Its very name, 234NEXT, signalled a departure from the ho-hum titles of newspapers, not just in Nigeria, but worldwide. The prefix, by the way, is the international dialing code for Nigeria.
The product was going to be refreshingly different. It would deliver news and features and other journalistic forms on a multiple platform combining text and audio and video; in short, it was going to be a newspaper that also has the capacity to serve as radio and television. And unlike extant Nigerian newspapers, it was going to be rigorously non-partisan.

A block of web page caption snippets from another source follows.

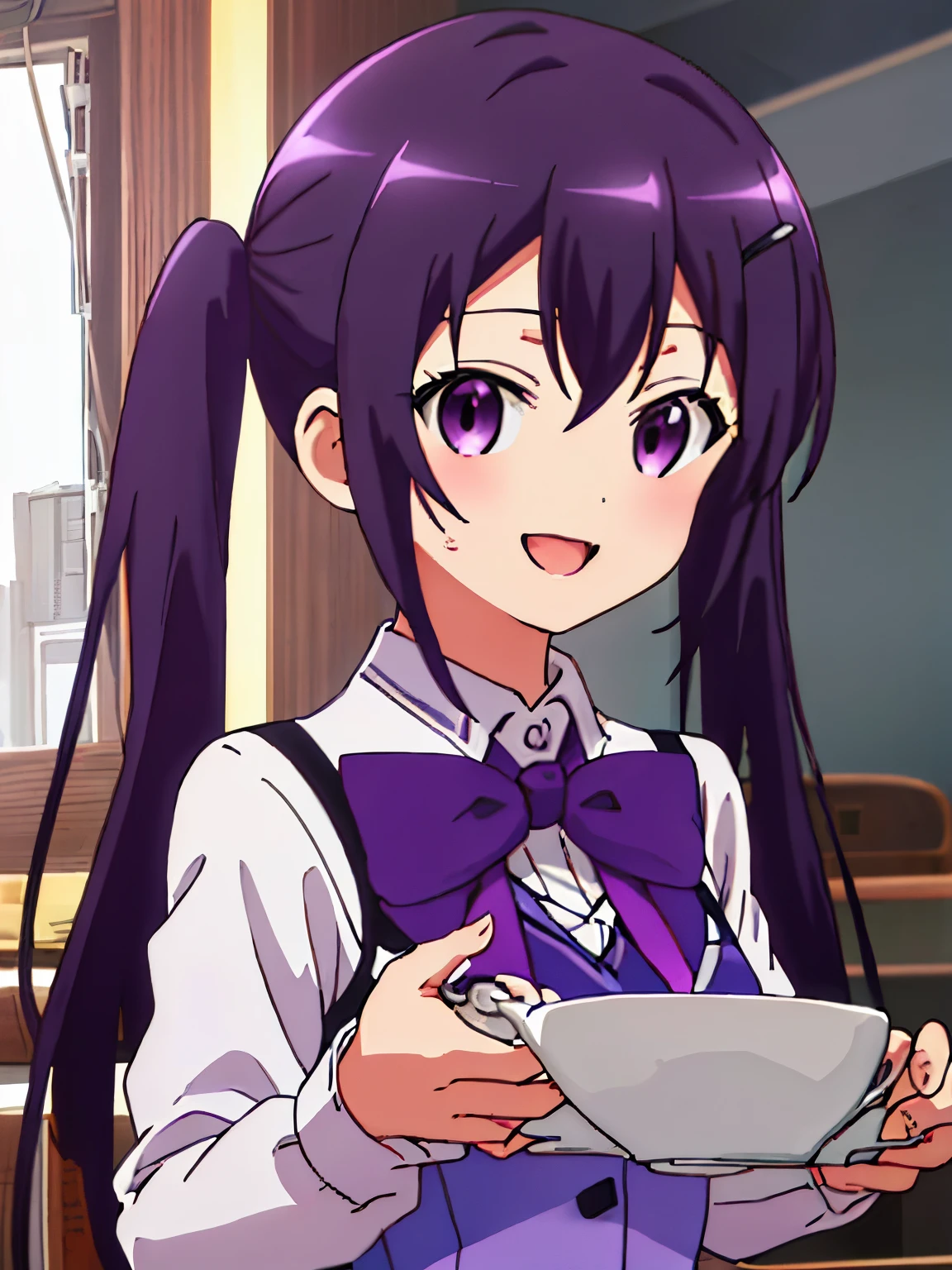 ((((ultra illustrated style:1.0)))),best quality,best animated,masterpiece,,ray tracing, global illumination,1girl, solo,upper body, looking at viewer,cafe, twintails,open mouth,rabbit house uniform,smile, collared shirt, shirt, white shirt, purple vest, purple bow, bow, vest, hair ornament, hairclip, long sleeves, purple bowtie, bowtie, wing collar, buttons, Holding a cup of coffee in hand,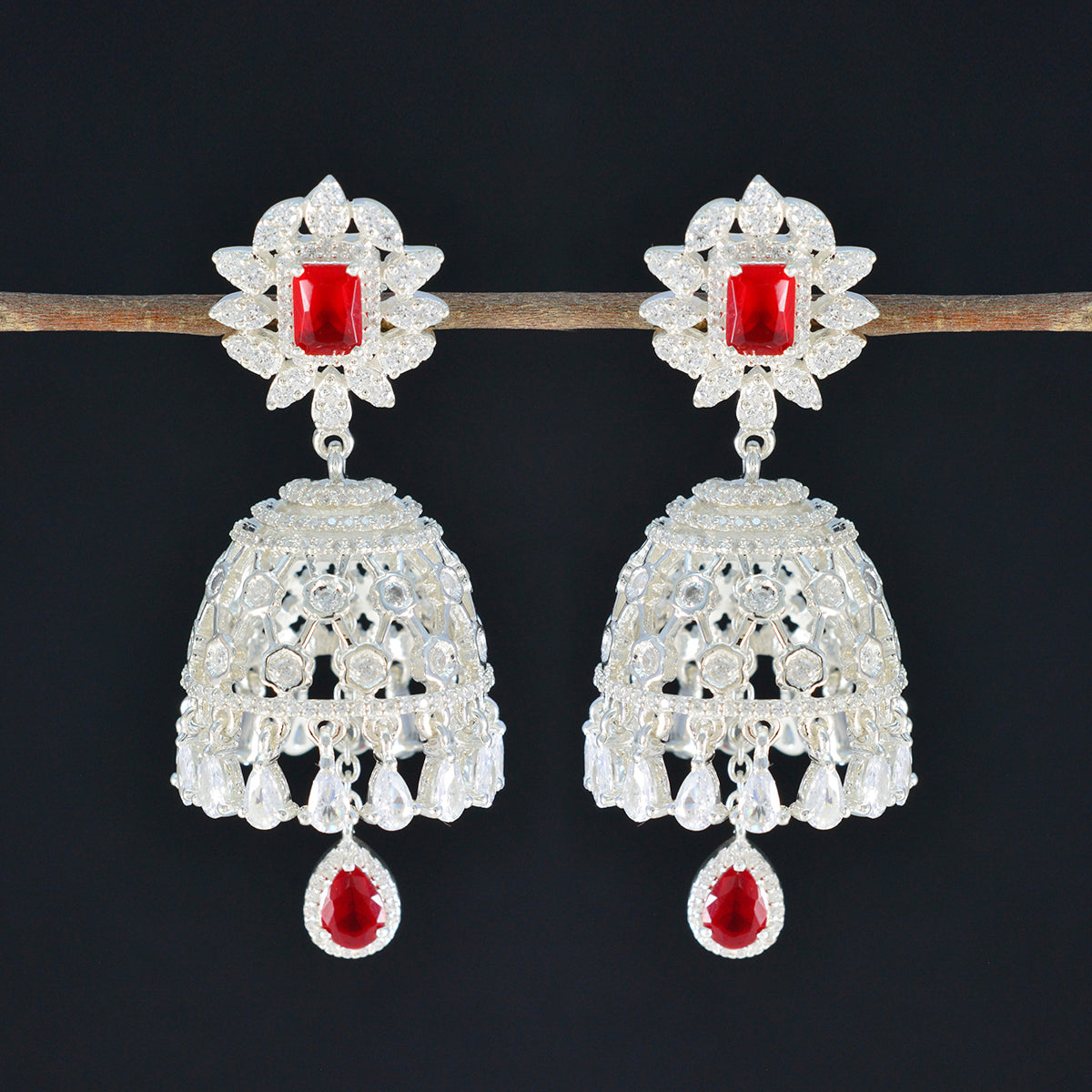 Ruby CZ Indian Araya multiple Stud Red 925 Sterling Silver Earring Второстепенное изображение товара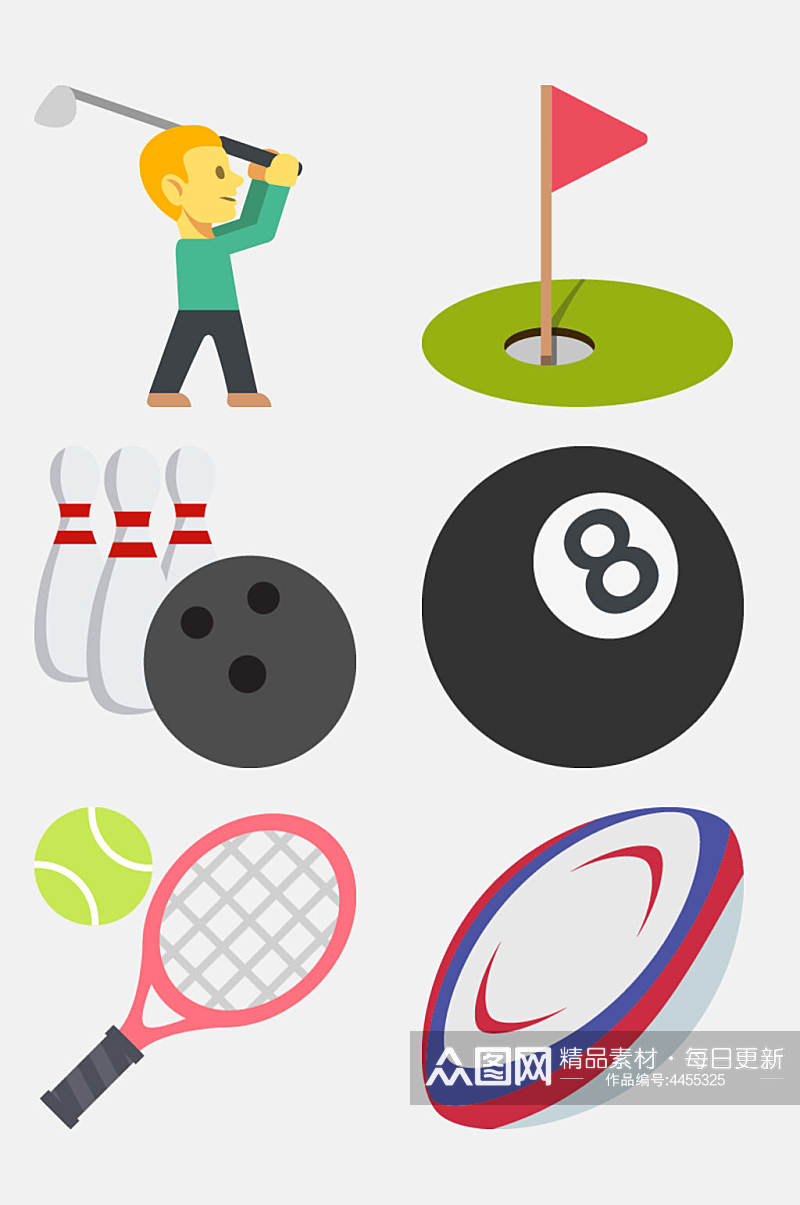 网球卡通生活出行类图标免抠素材素材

Its publisher, Dele Olojede, had distinguished himself by winning the Pulitzer Prize in journalism for his reporting on the Rwanda genocide. Until he relocated in Johannesburg, South Africa, he was foreign editor of the New York newspaper Newsday.
When it made its debut in December 2008, NEXT was only as an electronic newspaper. A paper edition would be introduced in August 2009. Audio and video would come later. But even as an electronic newspaper, its entry into Nigerian journalism was electrifying.
The web design was clean, tidy and well-structured. Colour and space and type meshed to produce a visual delight. The site was fully navigable. The reporting was sharp. You did not come away from reading a story only to ask: “Where is the story?” or “What is the story?” And, as befitted a locale where there is never a dull moment, the stories were constantly updated.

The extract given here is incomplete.